Esta vez, la imagen, el momento, el sonido,..., lo debes poner tú.
Me ocurre lo que a otros. Vamos, que no me distingo mucho del resto de los blogueros. No he encontrado una definición exhaustiva de la ternura. He llegado hasta la página 30 de google buscando una definición que me llenara y no la he encontrado. De ahí que haya tardado más de lo habitual en hacer esta entrada. Tras leer bastante sobre esta emoción, me quedo casi igual.
¿Y por qué me da por esto ahora? ¿Estoy ñoño, sensible, melancólico, flojito? Pues no. Voy en búsqueda de la emoción más fuerte en sentido positivo. La más potente.  En su momento tan sólo indiqué su existencia.
Os invito a visitar primero esta entrada y luego esta otra para que os hagáis una idea de por dónde van los tiros. Veréis que el potencial de la ternura es bárbaro.  Es un arma de construcción activa. No pienso ignorarlo.
Pues manos a la obra.
Según el RAE, la ternura se define como : Cariño, amor, amabilidad o afecto.
Por tanto, al cariño, amor, afecto o amabilidad que una persona expresa y demuestra por determinadas cosas o por alguien se lo designa con el término de ternura.
¿Algo más genérico no puede ser? Eso sí, bien leída, esta definición engloba emociones que consideramos vitales para nuestra felicidad y que pedimos  y, alguna vez, tratamos de dar. Pues la ternura está por encima de todas ellas. ¡Imaginaos el potencial de esta emoción positiva global!

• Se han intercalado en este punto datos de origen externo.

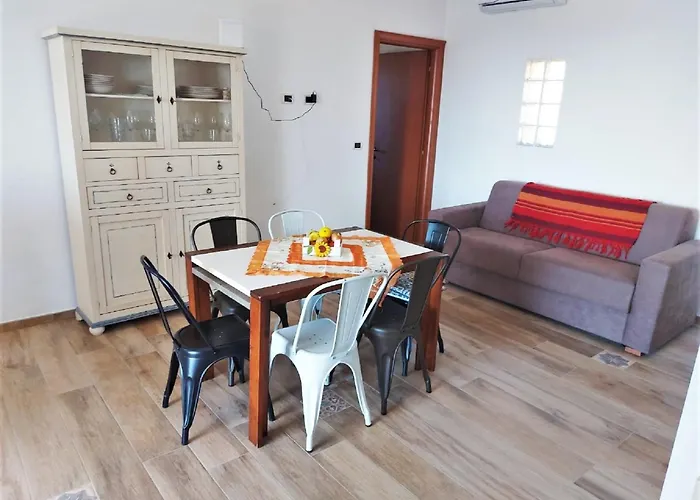 Ravishing In With Private Swimming Pool *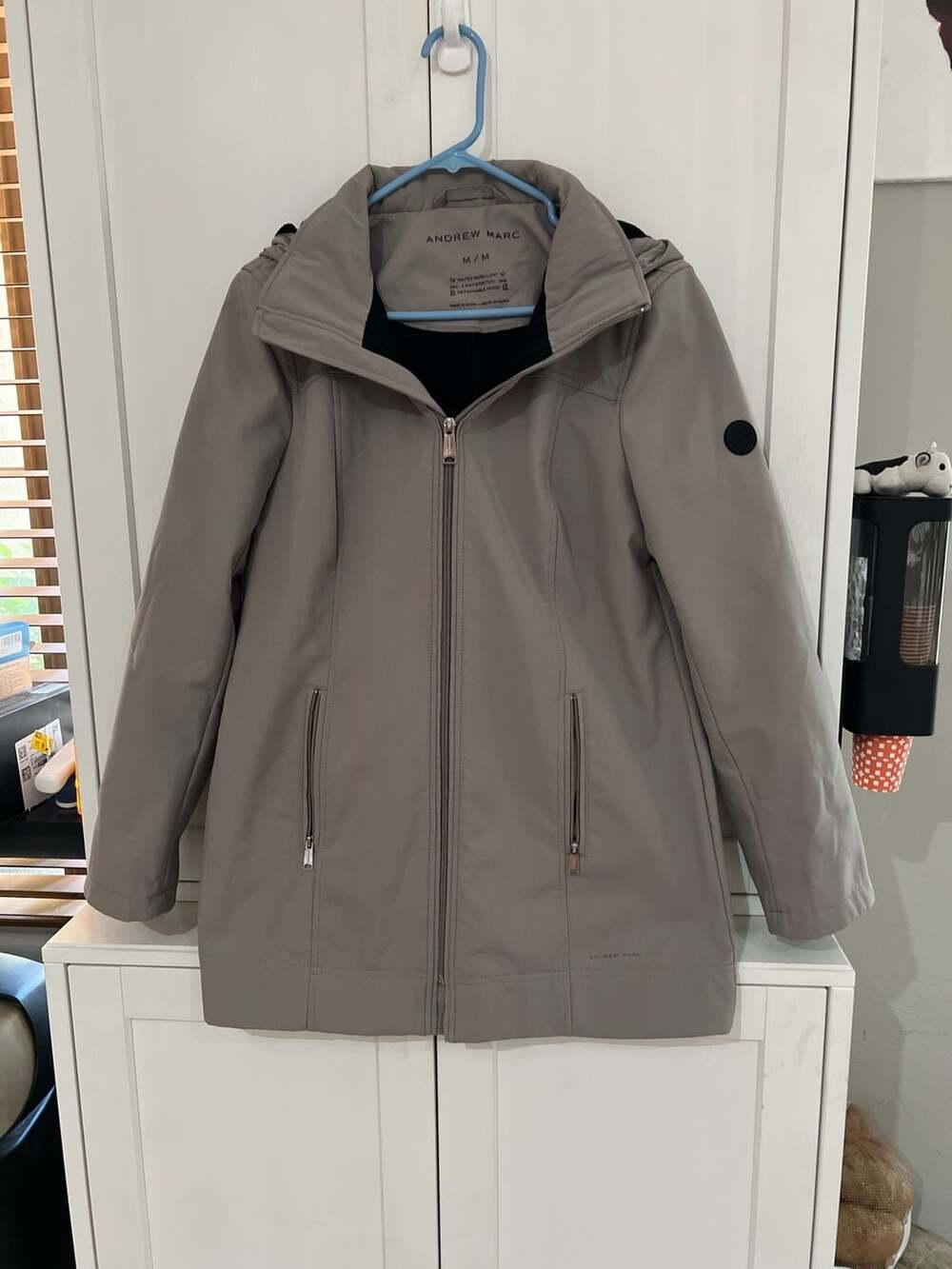 Andrew Marc Women's Water Repellent 4-Way Stretch Jacket Detachable Hood M Taupe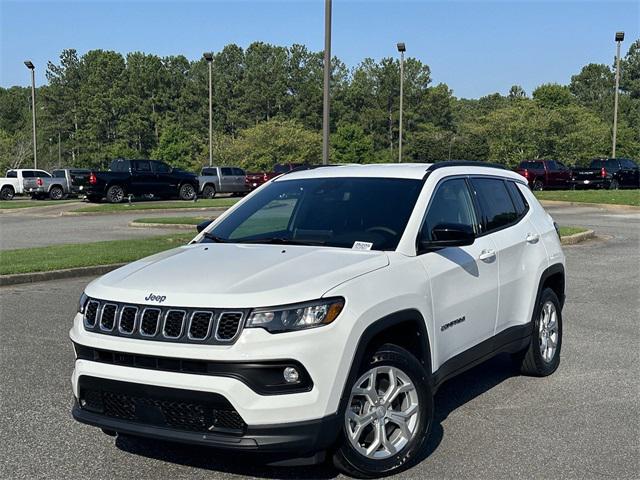 2024 Jeep Compass COMPASS LATITUDE 4X4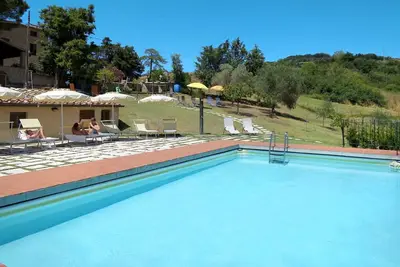 Image de Confortable appartement pour 4 personnes avec Wifi, piscine, Tv, animaux admis et parking
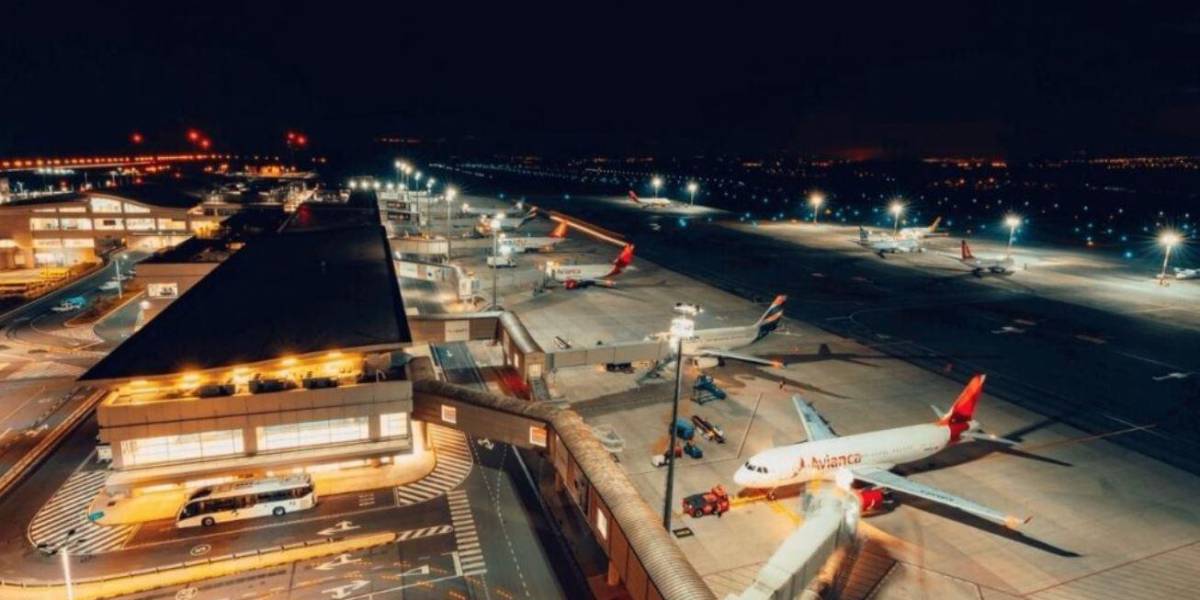 El Aeropuerto de Quito suspende operaciones por tormenta eléctrica; hay vías inundadas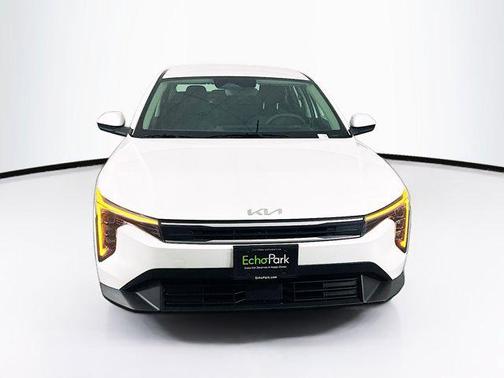 Snow White Pearl 2025 Kia K4 LXS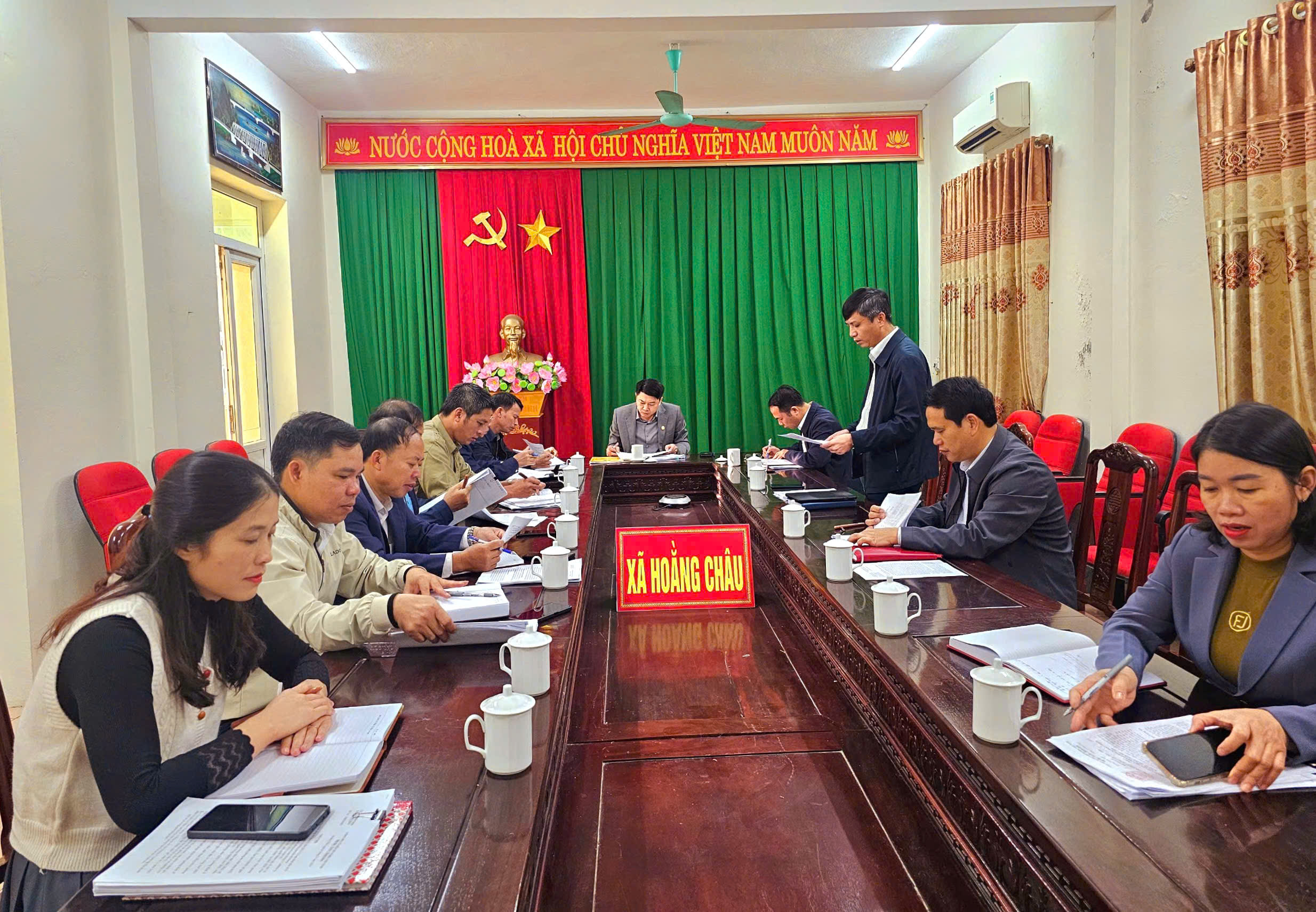 UBND xã Hoằng Châu tổ chức Phiên họp thường kỳ tháng 11 năm 2025; Thảo luận và cho ý kiến vào nhiều nội dung quan trọng.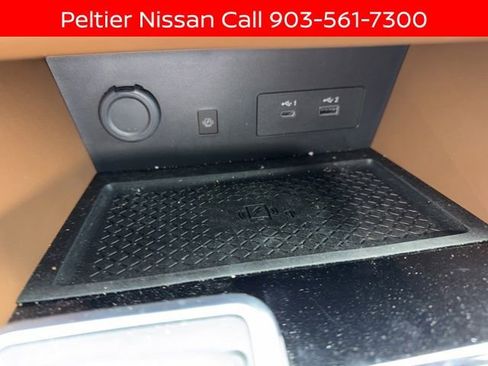 Certified 2025 Nissan Pathfinder Platinum FWD image 17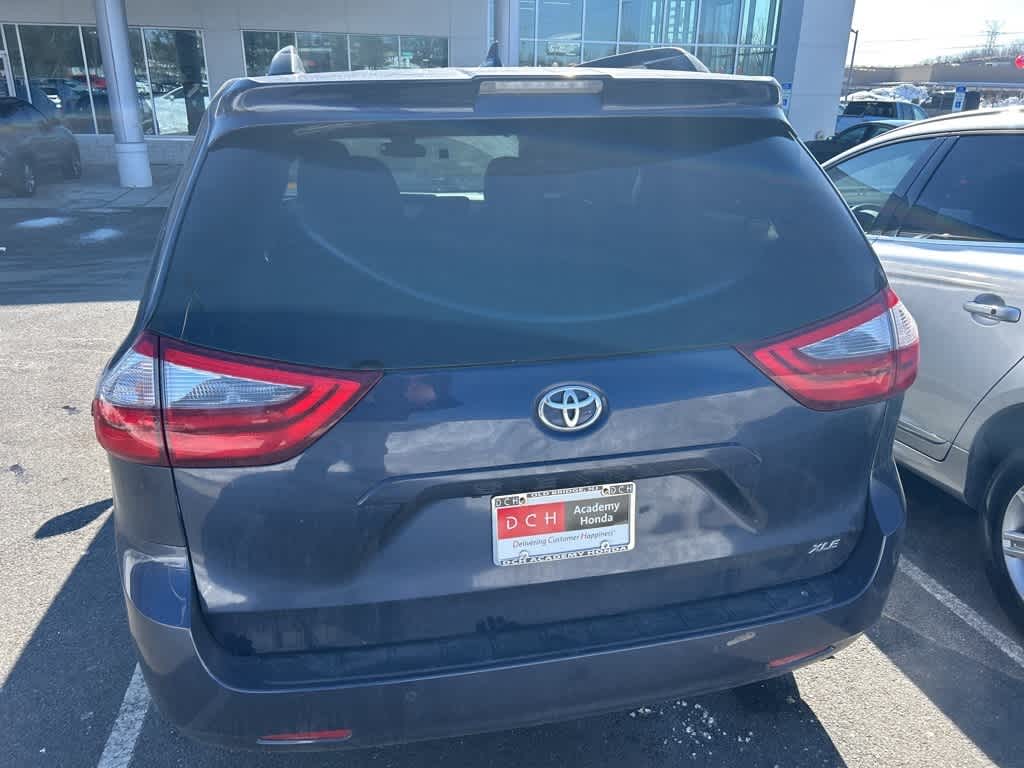 Toyota Sienna XLE 2020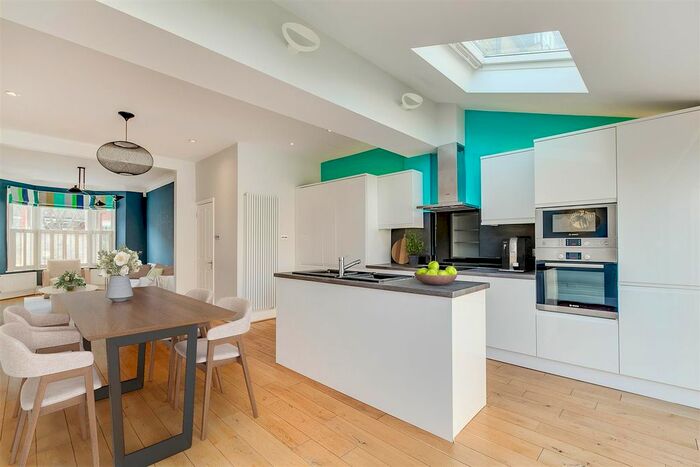 4 Bedroom Terraced House To Rent In Ashen Grove, London, SW19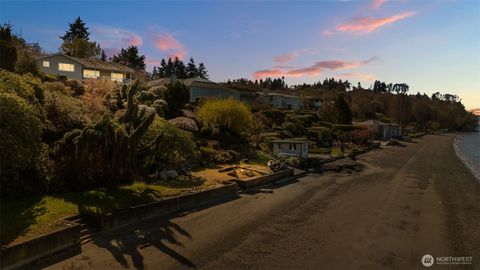 29903 Marine View Dr SW Federal Way WA 98023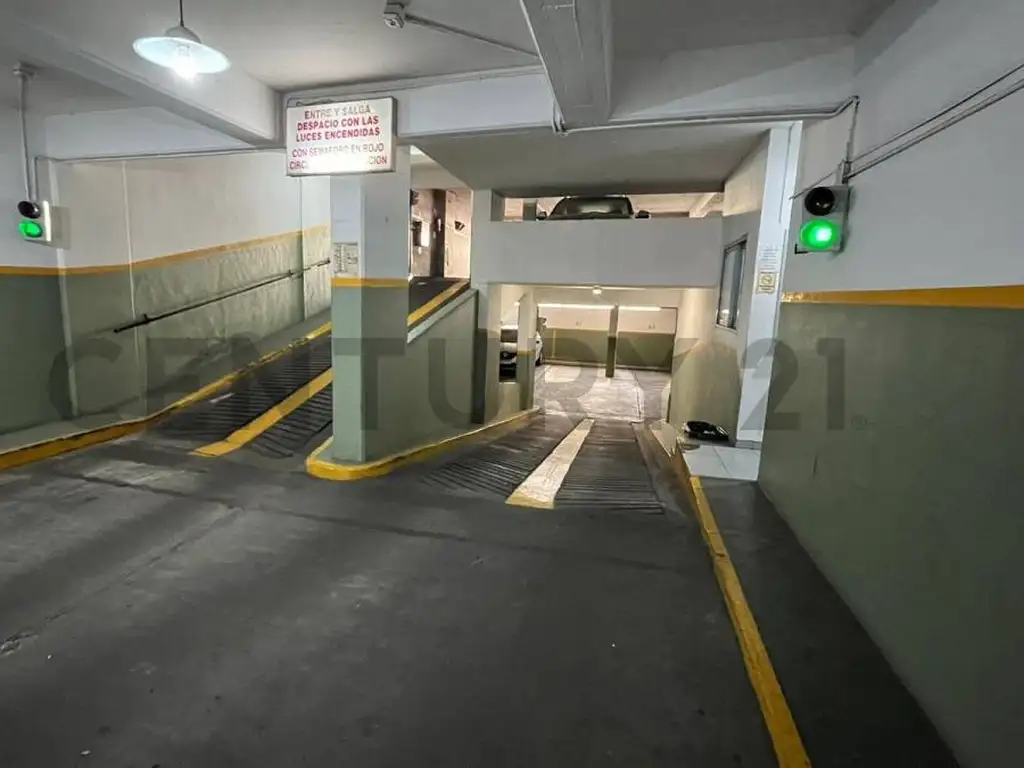Amenabar 1500, Piso 2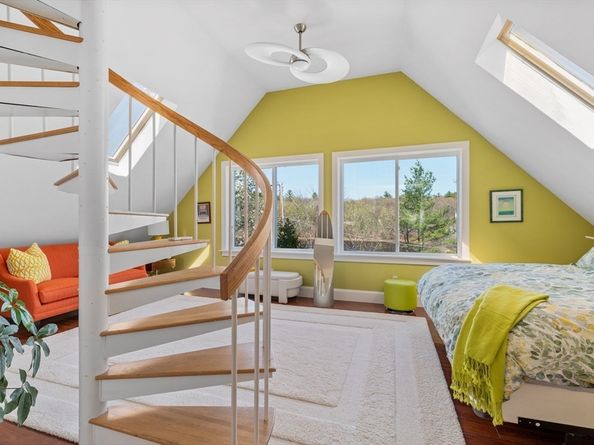 765 Walnut St, Lynnfield MA 01940
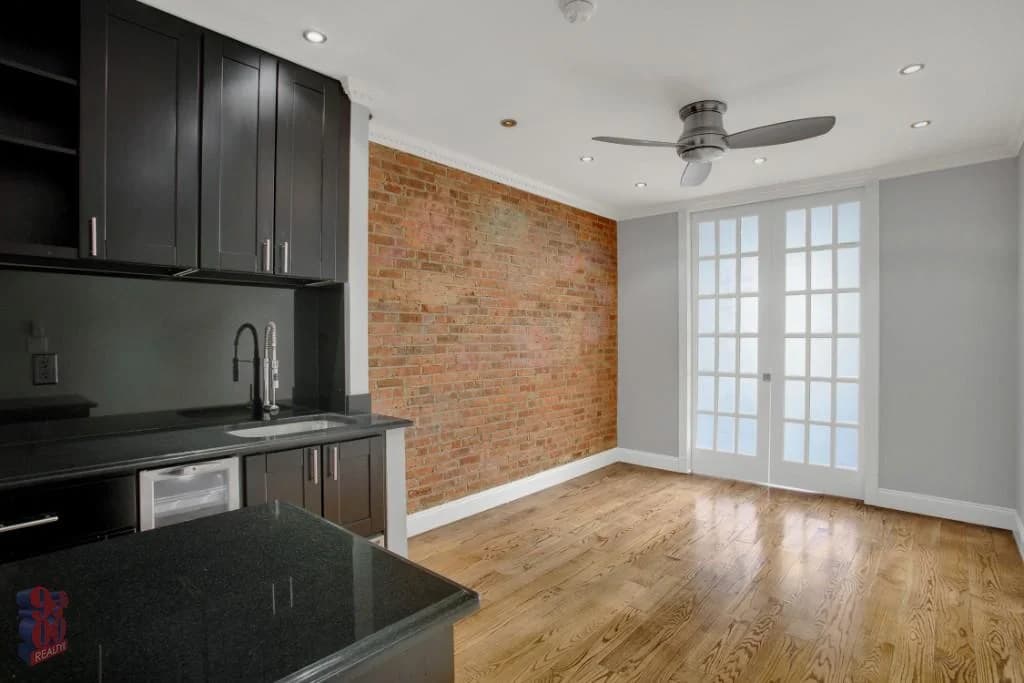 438 West 52 Street #6C, Manhattan, NY 10019 apartment_living_room 1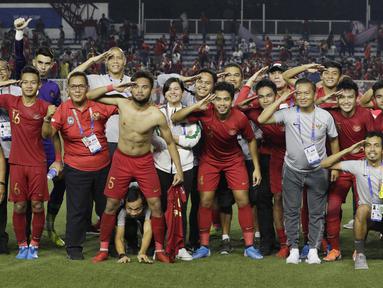 Para pemain dan official Timnas Indonesia U-22 merayakan kemenangan atas Myanmar U-22 pada semifinal SEA Games 2019 di Stadion Rizal Memorial, Manila, Sabtu (7/12). Indonesia menang 4-2 atas Myanmar. (Bola.com/M Iqbal Ichsan)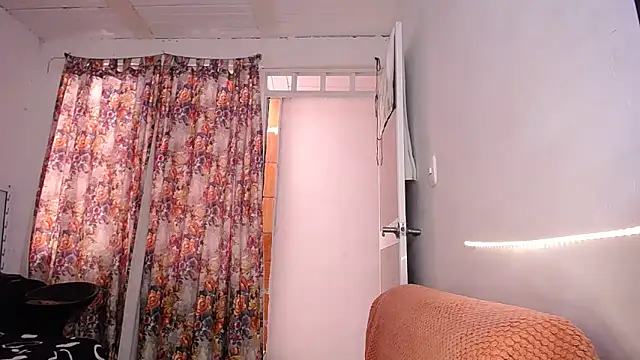 yselahot online show from 9, 10, 2025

Permitidme que os adjunte también como recordatorio la definición que el RAE nos da sobre emoción: “1. f. Alteración del ánimo intensa y pasajera, agradable o penosa, que va acompañada de cierta conmoción somática.”
Por tanto, si consideramos la ternura como una emoción (además positiva) la consideraríamos como una alteración del ánimo intensa y pasajera, agradable, que va acompañada de cierta conmoción somática.
Bueno, pues los estudios científicos nos demuestran que esa conmoción somática es intensa, medible, y satisfactoria (véase coherencia cardíaca).  Como no sólo de estudios científicos viven las personas, os invito a que cerréis los ojos y recordéis un momento de ternura. Cuando los abráis, os daréis cuenta de que en vuestra boca se ha reflejado una sonrisa. Y con un poco más de sensibilidad, tal vez hayáis sentido incluso cierto relax y cierta paz.
¿Qué podemos hacer entonces  para hacer esa emoción nuestra? Os invito  a ser coleccionistas y buscadores de ternura. ¿Para qué? Para  usar ese archivo en cualquier momento, bueno, malo o regular.
¿Cuándo sentiste ternura por última vez? ¿Qué pasa cuando recuerdas algún momento tierno? ¿Cómo podríamos aumentar nuestra colección de ternura?
Permitidme finalmente que os deje este párrafo de Jacques Salomé, autor del libro “Cómo atraer la ternura” , que desde luego nos invita a pensar.
“La ternura no es un estado permanente, sino un descubrimiento perpetuo que cada uno de nosotros podemos hacer, no a través de la fragilidad de las apariencias o la rutina de las costumbres, sino en una vivencia consciente y completa del presente. La ternura no nace de lo imposible, sino que engendra vitalmente lo posible”.
Pd.- Veréis que la ternura da para mucho. Así que poco a poco iremos entrando en esta materia. ¡Quedáis advertidos!